As fate would have it, we spot a black cat lying in the median along Highway 21. Stronza finds a safe place to pull over. We hop out, and she grabs a lavender-colored blanket from the back. Walking into the middle of a busy Texas highway to retrieve a deceased cat is not one of my bucket list items, but I dutifully follow behind Stronza. She gently picks up the animal, whispers a few words of comfort, and dashes back to the Forester. She places the cat in the back, and we drive a few feet to a safe side road, where she puts the body on the grass and gathers leaves to place over it. Stronza says about 80 percent of her memorials are left near roadsides. She only brings them home if they’re in good condition and she finds them close by. While she’s leaf hunting, a man in a pickup stops and asks if we need help. I smile and say we’re just fine, and he pulls away with a confused look on his face, likely because I’m standing out in the wind and cold next to a dead cat.

This Texas Photographer Turns Dead Animals Into Poignant Portraits
Skunk, 2023.Amanda Stronza

Once she explains what she’s up to, Stronza says, most onlookers who stop to see what she’s doing find it “beautiful” or comforting. A state trooper once pulled over, and instead of scolding her, he thanked her. When she was memorializing a wild hog on the side of the road, two women with “big Texas hair” slowed to a crawl and rolled down the car window. Stronza braced herself for an admonition. Once she explained herself, though, the women said they were moved. Stronza always has a microchip scanner in the car, so she can make sure an animal didn’t belong to someone.
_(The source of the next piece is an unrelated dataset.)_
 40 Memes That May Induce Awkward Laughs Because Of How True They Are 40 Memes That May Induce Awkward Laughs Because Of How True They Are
So far, she hasn’t had to go knock on a stranger’s door to deliver bad news.

When she finishes taking photos and saying kind words to the cat, we drive a little farther east and stop for a raccoon. Stronza, unsurprisingly, loves raccoons. We find a safe spot for her to place the animal. Cars and trucks speed along the highway, their tires creating a cacophony of sound as she crouches down to arrange leaves over the raccoon’s fur. “This is what I hear,” she says of the road noise. “I hear how violent it is, how it must feel to be a raccoon.”
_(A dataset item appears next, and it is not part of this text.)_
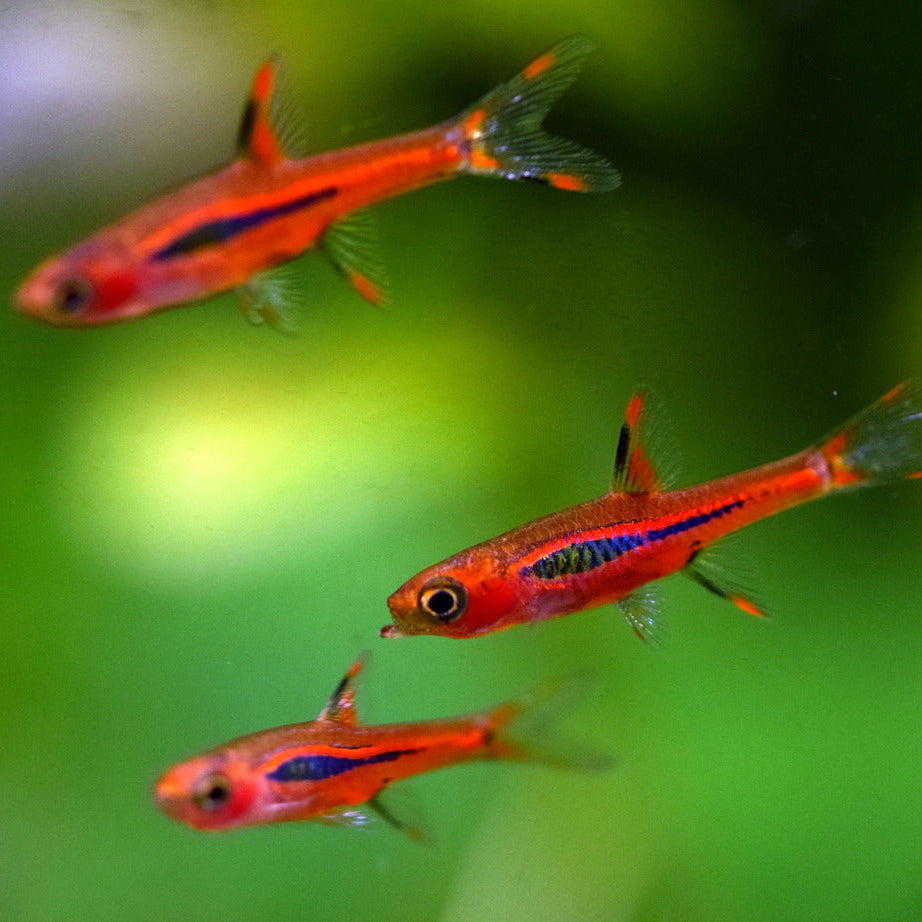 Discover the Beauty of Nano Fish at AquaNova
Since telling most Texans to quit driving cars is out of the question, Stronza and Goldfarb both suggest that driving more conscientiously would be a good place to start. In 2021, Congress passed the Infrastructure Investment and Jobs Act, which includes $350 million for wildlife-vehicle collision reduction grants. Wildlife crossings, designed to give animals safe passage over or under roads, are one way to decrease deaths. In San Antonio, the 150-foot Robert L. B. Tobin Land Bridge is used by deer, rabbits, and possums, while concrete culverts provide safe passage for ocelots in South Texas.
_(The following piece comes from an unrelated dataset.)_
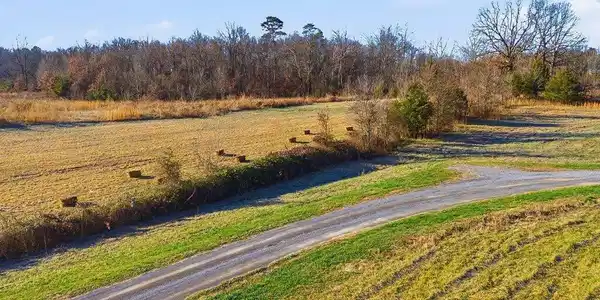 Image 4: Harris Town Rd - 4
Stronza lives and teaches in College Station during the week and stays at her place in Austin on the weekends, so she frequently drives along Highway 21. I ask her how often she stops to photograph dead animals. She tells me she pulls over at least twice each time she makes the drive, but she has to limit herself. “I can’t stop for every animal I see, but it’s hard for me to not turn around,” Stronza says as we drive back toward Bastrop. “I like bearing witness to these animals, because so many of us don’t look at all.”